Roundup: A Pollyanna about Tuesday’s outcome

I have not said much about the American election because not my circus, not my monkeys, and I really can’t get worked up about a contest I have no say in, however, comments made by the US ambassador to Canada this weekend have utterly boggled my mind. “I firmly believe that regardless of the outcome of the election, the United States is going to remain the most durable democracy in the world,” David Cohen said, and went on about how democracy will “easily” survive whatever the outcome of that election.

No. America has been teetering on the brink of autocracy for a while now, and while I get that his job is to be blandly reassuring as the ambassador, this just smacks of being a giant Pollyanna. And for Canada, where so much of what happens in the US leaks over the border and affects our politics here, those autocratic impulses are not far behind either. We already have provincial governments using tactics lifted directly from the authoritarian playbook, as is Pierre Poilievre, and he’s not shy about it either. And if America stops defending other democracies around the world under an autocratic regime, things are going to get very difficult indeed as these democracies are under threat from Russia and other autocratic actors who want to break them in order to show their own populations that democracy doesn’t work, so better to suck it up and live with the corruption of their autocratic states. And then there is Trump’s vision of NATO as a protection racket, that he fully intends to upend, and already Viktor Orbán is salivating at the thought of a Trump victory handing Ukraine to Russia, destroying a democracy the way he has been doing in Hungary.
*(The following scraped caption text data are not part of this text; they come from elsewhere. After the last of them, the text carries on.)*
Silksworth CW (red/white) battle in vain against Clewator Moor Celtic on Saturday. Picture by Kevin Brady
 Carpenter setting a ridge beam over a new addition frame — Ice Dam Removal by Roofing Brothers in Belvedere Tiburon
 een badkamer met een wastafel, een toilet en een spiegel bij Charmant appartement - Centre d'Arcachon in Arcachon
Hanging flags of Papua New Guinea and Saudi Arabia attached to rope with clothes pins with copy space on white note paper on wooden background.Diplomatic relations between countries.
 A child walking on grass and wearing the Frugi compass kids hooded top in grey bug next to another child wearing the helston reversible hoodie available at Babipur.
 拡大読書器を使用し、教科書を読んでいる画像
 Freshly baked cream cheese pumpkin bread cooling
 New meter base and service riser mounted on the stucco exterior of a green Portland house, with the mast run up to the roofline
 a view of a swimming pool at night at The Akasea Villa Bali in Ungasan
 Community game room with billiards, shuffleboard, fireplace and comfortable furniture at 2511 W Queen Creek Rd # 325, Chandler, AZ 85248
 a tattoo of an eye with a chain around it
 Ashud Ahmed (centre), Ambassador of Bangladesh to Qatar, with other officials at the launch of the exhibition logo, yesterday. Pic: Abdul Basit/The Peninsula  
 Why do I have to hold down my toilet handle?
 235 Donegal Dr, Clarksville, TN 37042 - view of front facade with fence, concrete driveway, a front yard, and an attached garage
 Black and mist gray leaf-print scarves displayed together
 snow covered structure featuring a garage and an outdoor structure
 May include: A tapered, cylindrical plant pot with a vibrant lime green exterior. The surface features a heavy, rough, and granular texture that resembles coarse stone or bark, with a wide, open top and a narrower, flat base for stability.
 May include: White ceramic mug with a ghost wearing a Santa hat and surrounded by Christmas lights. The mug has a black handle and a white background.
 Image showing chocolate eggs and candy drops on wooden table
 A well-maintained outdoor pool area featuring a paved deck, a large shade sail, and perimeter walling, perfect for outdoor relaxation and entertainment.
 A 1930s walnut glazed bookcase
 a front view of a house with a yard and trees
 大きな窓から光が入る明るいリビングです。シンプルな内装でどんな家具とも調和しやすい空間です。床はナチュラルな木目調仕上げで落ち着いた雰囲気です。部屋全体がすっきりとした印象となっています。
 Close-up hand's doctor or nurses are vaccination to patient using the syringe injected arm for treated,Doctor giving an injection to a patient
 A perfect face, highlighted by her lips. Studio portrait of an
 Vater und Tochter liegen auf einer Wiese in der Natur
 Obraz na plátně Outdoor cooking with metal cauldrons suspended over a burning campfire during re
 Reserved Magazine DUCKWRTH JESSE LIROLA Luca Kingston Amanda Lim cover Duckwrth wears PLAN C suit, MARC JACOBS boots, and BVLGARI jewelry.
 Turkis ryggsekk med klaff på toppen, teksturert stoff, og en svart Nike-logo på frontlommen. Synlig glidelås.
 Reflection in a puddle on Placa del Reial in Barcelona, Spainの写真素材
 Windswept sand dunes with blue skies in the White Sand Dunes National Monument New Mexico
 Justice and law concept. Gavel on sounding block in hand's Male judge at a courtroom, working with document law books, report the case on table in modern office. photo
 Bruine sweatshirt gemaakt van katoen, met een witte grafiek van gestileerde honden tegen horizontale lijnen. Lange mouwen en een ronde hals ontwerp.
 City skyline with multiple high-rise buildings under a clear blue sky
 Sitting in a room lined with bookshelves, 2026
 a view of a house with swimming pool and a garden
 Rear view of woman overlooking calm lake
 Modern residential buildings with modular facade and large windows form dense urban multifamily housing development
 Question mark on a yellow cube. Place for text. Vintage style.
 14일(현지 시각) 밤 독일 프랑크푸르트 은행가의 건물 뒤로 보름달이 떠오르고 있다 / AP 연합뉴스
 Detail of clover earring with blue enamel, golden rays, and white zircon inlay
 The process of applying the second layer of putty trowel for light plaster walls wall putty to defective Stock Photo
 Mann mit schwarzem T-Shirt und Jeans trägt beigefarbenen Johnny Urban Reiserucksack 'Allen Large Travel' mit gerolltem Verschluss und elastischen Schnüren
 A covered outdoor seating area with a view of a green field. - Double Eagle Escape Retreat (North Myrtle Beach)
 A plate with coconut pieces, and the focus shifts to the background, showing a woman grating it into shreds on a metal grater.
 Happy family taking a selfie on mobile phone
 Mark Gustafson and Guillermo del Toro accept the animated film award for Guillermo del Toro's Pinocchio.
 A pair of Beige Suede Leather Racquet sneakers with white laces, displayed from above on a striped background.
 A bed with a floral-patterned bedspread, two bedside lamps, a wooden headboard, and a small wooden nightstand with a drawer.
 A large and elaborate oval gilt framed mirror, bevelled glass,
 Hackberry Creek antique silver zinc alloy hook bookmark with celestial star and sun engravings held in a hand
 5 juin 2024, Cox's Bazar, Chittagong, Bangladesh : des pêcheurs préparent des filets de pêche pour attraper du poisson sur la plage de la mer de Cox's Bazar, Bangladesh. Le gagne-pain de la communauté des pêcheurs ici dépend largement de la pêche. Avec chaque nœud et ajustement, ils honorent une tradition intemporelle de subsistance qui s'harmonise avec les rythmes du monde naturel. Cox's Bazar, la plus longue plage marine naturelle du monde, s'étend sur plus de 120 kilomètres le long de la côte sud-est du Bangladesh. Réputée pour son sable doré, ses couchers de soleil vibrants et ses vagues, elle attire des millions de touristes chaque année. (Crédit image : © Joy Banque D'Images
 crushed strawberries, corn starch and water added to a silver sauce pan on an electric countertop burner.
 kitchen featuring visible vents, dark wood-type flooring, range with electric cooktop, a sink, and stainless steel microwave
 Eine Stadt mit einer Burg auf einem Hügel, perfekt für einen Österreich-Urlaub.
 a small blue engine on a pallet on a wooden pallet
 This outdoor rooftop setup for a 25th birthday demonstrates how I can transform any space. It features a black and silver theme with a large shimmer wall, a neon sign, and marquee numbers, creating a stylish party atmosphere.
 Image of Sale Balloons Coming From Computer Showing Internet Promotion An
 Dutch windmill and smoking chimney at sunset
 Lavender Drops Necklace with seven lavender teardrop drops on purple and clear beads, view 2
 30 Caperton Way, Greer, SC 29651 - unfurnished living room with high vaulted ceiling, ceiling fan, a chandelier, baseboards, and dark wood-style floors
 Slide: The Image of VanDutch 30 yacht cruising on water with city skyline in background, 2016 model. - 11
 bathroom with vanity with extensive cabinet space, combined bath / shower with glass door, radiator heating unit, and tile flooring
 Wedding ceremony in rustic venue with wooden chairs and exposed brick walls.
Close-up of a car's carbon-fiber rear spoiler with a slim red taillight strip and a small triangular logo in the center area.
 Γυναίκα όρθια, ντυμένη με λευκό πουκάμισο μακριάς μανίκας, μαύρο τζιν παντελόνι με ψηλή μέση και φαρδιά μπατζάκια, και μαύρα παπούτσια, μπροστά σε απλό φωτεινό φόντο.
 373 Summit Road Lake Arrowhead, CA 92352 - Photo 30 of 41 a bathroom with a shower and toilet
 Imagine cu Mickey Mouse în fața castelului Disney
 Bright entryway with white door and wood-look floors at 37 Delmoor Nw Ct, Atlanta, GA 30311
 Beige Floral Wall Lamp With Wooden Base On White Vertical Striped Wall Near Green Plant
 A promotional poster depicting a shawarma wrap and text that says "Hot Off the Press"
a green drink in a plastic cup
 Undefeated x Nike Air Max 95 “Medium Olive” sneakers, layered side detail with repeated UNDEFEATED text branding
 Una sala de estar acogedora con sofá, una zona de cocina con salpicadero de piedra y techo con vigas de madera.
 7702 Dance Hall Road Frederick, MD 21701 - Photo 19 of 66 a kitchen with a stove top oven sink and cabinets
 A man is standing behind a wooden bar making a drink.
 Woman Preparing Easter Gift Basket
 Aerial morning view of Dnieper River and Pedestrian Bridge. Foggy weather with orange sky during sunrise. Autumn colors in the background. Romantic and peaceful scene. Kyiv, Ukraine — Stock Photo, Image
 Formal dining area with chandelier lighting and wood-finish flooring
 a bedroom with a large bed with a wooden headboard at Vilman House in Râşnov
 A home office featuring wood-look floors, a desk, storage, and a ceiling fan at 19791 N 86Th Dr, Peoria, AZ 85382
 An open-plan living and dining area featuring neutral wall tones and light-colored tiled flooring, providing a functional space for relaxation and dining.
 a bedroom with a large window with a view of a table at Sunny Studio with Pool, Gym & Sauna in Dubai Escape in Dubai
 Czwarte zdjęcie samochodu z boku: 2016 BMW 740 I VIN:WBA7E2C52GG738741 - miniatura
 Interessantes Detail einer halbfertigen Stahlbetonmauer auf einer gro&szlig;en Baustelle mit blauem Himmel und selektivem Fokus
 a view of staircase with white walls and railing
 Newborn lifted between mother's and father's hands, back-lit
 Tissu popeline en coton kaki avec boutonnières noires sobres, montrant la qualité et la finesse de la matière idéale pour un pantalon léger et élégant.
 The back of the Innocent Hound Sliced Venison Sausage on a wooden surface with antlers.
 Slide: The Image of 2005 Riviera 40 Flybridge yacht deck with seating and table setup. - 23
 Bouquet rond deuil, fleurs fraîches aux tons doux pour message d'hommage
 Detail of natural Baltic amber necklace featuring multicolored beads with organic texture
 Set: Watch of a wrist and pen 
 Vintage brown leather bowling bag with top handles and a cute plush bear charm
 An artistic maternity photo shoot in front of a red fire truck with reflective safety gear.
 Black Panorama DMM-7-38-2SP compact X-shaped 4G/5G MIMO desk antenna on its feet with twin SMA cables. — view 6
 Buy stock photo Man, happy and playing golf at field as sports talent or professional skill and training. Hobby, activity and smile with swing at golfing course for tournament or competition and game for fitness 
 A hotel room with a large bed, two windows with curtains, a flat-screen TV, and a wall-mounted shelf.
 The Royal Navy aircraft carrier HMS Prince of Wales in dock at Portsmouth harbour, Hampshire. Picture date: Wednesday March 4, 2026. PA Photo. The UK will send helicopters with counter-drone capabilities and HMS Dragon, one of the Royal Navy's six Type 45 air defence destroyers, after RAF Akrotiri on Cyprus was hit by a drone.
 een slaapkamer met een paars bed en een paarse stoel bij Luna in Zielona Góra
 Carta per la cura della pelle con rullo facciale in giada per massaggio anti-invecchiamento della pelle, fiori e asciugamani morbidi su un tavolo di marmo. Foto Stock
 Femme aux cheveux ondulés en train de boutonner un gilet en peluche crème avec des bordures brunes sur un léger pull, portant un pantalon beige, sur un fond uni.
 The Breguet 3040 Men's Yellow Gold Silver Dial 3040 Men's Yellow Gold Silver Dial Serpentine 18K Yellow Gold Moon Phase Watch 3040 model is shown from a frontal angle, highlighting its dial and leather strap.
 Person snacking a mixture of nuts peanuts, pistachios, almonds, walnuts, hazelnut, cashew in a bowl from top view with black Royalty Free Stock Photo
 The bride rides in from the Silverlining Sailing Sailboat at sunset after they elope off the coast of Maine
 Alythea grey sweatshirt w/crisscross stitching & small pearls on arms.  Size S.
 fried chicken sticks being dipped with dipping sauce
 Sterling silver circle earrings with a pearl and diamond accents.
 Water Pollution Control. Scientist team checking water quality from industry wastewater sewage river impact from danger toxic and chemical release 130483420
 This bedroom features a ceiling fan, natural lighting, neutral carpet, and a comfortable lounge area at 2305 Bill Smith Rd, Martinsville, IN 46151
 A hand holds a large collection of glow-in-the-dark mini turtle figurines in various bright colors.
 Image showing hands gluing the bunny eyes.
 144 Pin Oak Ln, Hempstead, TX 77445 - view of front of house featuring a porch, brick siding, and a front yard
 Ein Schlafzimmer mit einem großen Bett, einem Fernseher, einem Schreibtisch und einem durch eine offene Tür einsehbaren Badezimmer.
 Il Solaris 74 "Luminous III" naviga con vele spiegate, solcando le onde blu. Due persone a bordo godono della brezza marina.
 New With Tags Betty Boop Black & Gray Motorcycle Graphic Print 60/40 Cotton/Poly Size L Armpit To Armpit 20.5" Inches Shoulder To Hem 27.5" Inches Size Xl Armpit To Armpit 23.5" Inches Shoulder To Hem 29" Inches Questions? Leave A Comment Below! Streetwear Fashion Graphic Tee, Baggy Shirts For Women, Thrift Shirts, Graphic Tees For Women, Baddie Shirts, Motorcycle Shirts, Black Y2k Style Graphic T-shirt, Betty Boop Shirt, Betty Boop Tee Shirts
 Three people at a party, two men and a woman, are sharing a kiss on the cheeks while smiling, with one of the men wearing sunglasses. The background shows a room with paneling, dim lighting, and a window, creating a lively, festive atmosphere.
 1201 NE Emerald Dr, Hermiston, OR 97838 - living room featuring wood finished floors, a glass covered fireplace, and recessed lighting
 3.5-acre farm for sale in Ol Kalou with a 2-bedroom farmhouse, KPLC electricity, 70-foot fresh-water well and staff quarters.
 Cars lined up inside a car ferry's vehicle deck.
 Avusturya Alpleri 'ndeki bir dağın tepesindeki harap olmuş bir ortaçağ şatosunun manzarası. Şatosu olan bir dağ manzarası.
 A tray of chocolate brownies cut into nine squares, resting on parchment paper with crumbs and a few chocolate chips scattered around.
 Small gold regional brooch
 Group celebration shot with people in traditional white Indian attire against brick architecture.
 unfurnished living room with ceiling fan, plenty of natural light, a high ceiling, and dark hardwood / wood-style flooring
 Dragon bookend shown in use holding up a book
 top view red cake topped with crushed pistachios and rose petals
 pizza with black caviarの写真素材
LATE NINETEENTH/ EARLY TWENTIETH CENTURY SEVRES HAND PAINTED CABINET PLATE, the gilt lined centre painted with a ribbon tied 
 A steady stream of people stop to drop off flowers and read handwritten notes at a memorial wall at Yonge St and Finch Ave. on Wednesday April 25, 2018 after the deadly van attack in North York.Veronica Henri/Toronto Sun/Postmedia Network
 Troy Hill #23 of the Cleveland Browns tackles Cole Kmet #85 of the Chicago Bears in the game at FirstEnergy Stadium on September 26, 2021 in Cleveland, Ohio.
There will be consequences, and I don’t think it helps anyone for Cohen to shrug it off like that.

Ukraine Dispatch

A Russian guided bomb hit a supermarket in Kharkiv, injuring at least five. Ukrainian forces destroyed 66 out of 92 Russian drones sent into the country overnight Saturday, and fortunately, no casualties were reported. Russians have also taken control of the village of Vyshneve in the Donetsk region, while Ukrainian forces hold back one of the most powerful offensives since the start of the invasion.

Good reads:

  • All party leaders are condemning an attack on a Brampton Hindu temple over the weekend by what appears to be Khalistani extremists.
  • The government has extended their pledge-matching for aid to Lebanon until November 17th.
  • The Star looks at how personal relationships at the top levels may impact whatever happens with Canada after Tuesday’s US election.
  • CSIS has been tracking the flow in intelligence across government and partner agencies as a way of finding the leaks to media.
  • The RCMP are planning to use fake personas online to track ideological extremists, but civil liberties groups worry that they could cause more problems.
  • Here is a look at how Canada could adopt more European-style housing techniques to help solve the current crisis.
  • The labour dispute at the BC ports could lead to a lock-out this week.
  • Danielle Smith survived her leadership review with a 91.5% vote, but she had to pander so hard to her party’s lunatic base to get there, which isn’t sustainable.
  • Kevin Carmichael looks to historical examples of short-sighted budgeting in order to ponder how to build a more resilient Canadian economy.
  • Susan Delacourt ponders the reasons why American-style polarization has been creeping across the border into Canada.
  • Delacourt and Matt Gurney debate Poilievre’s assertion that it wouldn’t be “fair” for Liberals to get a new leader in advance of the next election.
  • My weekend column points out how easy it would be for the Liberals to expose Poilievre as a liar on his economic credentials, but they just don’t bother.